Asian International University named after Satkynbai Tentishev (Asian Medical Institute)
- Motto: Scientia potentia est/Knowledge is power!
- Type: Medical University
- Established: 2004
- Endowment: Ministry of Education and Science of Kyrgyzstan
- Rector: Isaeva Mira Isaevna
- Faculty: 156
- Administrative staff: 45
- Students: 4000
- Undergraduates: 680
- Location: 58, Gagarina Street, Kant, Kyrgyzstan
- Campus: Urban;
- Website: "www.aiust.kg"

= Asian Medical Institute, Kyrgyzstan =

Medical college in Kant, Kyrgyzstan

The Asian International University named after Satkynbai Tentishev (AIU) was established in 2004. Asian International University was established with the official license by the ministry of education and ministry of health of Kyrgyz Republic as Registration number 1–184. Asian International University is enlisted in world directory of medical schools published by WHO. It is located in city Kant, Kyrgyzstan, which is 20 km far from country capital Bishkek and 40 km from Manas International Airport. It's well connected with transportation modes, mainly by road.

==About Asian International University==
Currently, Asian International University has 1800 students from more than 10 countries, including India, Russia, Nepal, Germany, Pakistan, Kazakhstan and Nigeria. The medium of instruction at the institute is the English language and the length of study for an MD is 6 as well as 5 years. Asian International University has three license in higher professional education
 General Medicine 5 years
 General Medicine 6 years
 Dentistry 5 years

The college is recognized by National Medical Commission of India(NMC), Pakistan Medical Commission(PMC) and WHO. This means that Indian and Pakistani students are eligible to appear in screening test after completion of the medical degree here.
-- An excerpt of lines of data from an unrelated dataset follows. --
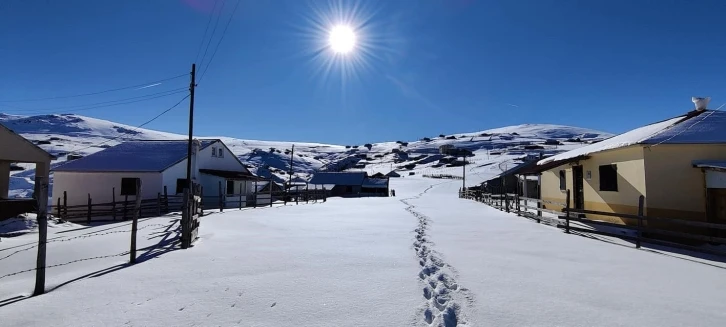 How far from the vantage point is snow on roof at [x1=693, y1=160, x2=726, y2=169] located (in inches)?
426

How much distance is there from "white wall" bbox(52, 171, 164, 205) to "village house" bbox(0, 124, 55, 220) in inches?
295

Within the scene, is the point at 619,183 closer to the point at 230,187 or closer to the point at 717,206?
the point at 717,206

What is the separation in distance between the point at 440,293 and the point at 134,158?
2850 centimetres

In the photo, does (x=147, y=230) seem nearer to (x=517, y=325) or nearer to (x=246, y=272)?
(x=246, y=272)

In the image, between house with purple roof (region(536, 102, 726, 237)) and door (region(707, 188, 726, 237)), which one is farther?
house with purple roof (region(536, 102, 726, 237))

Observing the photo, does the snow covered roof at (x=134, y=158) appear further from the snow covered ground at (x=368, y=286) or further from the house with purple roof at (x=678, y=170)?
the house with purple roof at (x=678, y=170)

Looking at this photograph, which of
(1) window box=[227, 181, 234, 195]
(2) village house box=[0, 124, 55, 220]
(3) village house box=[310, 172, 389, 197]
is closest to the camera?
(2) village house box=[0, 124, 55, 220]

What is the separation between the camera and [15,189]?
142 ft

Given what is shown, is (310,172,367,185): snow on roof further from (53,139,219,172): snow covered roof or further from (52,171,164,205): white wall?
(52,171,164,205): white wall

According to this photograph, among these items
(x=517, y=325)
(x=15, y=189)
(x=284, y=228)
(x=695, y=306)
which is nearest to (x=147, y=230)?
(x=284, y=228)

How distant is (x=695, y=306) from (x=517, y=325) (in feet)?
9.22

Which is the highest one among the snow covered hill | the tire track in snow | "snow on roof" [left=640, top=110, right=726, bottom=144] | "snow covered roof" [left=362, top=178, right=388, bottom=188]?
the snow covered hill

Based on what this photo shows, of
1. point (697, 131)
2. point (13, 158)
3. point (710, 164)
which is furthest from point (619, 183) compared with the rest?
point (13, 158)

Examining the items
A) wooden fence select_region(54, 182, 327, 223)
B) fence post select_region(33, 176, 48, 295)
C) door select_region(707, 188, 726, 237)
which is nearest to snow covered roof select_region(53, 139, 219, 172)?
wooden fence select_region(54, 182, 327, 223) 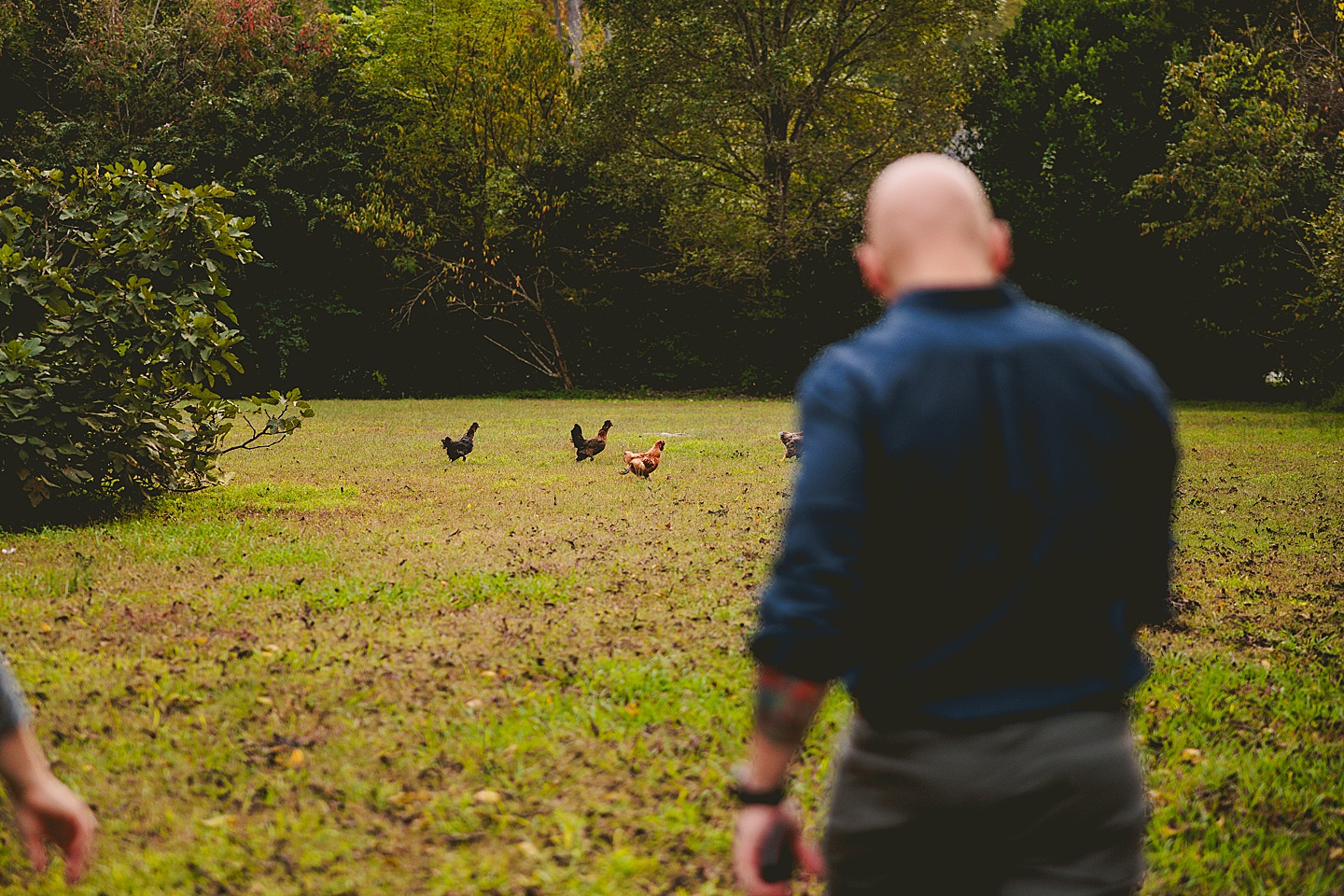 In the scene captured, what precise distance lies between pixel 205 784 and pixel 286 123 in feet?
86.5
The college has a separate hostel for Indian students and separate hostel of boys and girls. Indian food is served to the students at the hostel mess. The hostels are centrally heated and rooms are available on sharing basis. The overall cost of education is very low at Asian Medical Institute. The good quality education along with low fees makes it a favorable college for foreign students. In addition, students can also avail coaching for FMGE( Foreign Medical Graduate Examination, Screening test conducted by Medical Council of India)

==Institute Campus==
Institute is currently having 3 well operating campuses based in various localities.
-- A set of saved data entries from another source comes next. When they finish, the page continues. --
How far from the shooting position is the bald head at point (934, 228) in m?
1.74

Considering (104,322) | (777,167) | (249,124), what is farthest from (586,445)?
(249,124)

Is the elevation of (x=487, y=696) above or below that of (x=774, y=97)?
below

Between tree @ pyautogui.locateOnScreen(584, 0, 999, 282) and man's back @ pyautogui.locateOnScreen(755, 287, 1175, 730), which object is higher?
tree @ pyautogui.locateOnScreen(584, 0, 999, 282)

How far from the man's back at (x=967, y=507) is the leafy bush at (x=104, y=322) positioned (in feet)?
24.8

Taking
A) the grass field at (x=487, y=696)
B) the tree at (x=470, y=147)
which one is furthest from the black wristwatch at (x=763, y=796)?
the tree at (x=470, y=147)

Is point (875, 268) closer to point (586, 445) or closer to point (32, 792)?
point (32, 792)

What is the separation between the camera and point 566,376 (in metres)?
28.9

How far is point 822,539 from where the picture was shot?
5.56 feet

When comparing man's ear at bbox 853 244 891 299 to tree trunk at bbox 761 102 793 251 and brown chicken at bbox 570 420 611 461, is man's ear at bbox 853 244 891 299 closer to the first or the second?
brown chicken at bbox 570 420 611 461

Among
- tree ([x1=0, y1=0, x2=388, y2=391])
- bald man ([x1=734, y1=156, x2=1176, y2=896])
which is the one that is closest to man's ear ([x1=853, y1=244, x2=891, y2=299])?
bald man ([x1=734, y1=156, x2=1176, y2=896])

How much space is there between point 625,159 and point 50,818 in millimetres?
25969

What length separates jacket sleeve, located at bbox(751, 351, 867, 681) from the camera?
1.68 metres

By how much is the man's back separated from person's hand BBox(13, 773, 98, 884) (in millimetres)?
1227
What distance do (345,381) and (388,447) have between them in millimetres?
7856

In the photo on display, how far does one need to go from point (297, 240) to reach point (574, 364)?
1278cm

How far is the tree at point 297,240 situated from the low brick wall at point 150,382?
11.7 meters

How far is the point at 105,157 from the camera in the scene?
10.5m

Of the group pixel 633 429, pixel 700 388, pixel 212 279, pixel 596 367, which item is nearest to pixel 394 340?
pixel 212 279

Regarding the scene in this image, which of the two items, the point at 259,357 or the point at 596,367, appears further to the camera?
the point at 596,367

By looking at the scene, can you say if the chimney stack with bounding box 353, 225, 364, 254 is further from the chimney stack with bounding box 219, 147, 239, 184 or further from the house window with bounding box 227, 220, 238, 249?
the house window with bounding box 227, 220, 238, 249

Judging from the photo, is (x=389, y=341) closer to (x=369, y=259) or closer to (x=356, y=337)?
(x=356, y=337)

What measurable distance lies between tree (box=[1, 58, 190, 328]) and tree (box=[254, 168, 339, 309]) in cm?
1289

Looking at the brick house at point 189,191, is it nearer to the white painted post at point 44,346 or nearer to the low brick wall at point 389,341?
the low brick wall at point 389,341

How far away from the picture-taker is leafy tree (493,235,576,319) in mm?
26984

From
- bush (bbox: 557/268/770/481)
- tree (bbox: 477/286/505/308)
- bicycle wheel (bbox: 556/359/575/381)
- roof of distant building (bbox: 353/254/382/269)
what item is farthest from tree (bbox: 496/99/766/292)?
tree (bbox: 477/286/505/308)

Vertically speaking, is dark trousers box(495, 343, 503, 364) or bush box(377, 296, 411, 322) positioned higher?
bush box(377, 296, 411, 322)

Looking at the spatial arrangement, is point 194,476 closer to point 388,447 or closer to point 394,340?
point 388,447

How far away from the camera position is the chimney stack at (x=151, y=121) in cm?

1.Asian Medical Institute, Polyclinic: Situated at 58, Gagarina Street, Kant. It is having 3 Boy's Hostels and 1 Girl's Hostel for Indian Students only. A polyclinic having more than 90 rooms for teaching purposes, including simulation center for anatomy and dental surgeries. 1000 seated Mess at the top floor of hostel.
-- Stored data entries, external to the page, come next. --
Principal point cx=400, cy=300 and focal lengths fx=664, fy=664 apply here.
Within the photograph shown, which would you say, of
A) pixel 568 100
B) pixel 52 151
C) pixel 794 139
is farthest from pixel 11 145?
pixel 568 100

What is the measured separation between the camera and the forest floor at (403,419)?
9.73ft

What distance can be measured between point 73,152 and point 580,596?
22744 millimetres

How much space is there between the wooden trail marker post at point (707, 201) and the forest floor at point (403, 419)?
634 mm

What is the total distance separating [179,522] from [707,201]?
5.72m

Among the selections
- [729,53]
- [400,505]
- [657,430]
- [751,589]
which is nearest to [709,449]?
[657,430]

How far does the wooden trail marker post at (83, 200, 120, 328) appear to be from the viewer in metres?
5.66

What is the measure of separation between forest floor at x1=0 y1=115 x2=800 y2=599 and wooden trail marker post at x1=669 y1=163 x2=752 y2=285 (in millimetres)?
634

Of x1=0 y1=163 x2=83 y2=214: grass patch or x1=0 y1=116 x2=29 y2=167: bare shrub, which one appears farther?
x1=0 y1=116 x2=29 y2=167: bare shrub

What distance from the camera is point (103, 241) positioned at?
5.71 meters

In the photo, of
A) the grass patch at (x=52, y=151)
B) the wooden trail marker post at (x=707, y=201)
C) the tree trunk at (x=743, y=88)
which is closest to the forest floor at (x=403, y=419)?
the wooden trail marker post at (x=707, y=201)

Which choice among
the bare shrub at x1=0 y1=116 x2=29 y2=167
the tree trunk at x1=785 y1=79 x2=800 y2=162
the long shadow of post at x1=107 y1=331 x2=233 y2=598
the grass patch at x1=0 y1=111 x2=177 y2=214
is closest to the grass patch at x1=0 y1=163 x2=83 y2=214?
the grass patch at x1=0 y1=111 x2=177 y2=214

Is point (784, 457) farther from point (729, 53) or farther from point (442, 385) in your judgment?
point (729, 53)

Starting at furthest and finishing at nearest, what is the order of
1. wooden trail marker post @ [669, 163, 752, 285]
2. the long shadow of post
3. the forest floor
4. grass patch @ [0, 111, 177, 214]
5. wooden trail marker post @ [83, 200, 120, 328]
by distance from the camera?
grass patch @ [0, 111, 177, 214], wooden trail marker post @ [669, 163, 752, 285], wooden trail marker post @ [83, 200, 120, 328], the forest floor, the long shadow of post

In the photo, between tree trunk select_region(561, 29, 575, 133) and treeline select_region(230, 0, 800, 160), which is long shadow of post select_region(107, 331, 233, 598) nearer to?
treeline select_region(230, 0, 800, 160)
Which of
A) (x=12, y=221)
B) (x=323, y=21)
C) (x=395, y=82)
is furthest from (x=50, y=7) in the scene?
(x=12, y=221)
2.AzMI Campus 2/ Kyrgyzskaya MIS: This campus was owned by institute in year 2016. It has 60 rooms for educational purposes, a 500 seated auditorium, and 60 seated conference hall, while the whole of the second floor has all the administrative offices. Thus is also having library with 9000+ books for medical studies and 20 computers to avail services of online library.

3.AzMI Clinic: This campus was owned by institution in year 2015 having 2 fully equipped lecture halls and 20 rooms for educational purposes. It is situated at Akmatov Street, Alamadin Bazar.

==Accreditation==
The Asian Medical Institute, Kyrgyzstan is listed in the National Medical Commission, India
Avicenna Directory for medicine, faimer and also recognized by the Ministry of Education and Science of the Republic of Kyrgyzstan. It received its recognition from the Ministry of Health, Kyrgyzstan Republic to train medical professionals, mostly for foreign countries. ASMI students and graduates are eligible for M.C.I, PM&DC (NLE now) and N.MC screening tests. The Asian Medical Institute Diploma is a recognized qualification in other countries for the purposes of practicing medicine.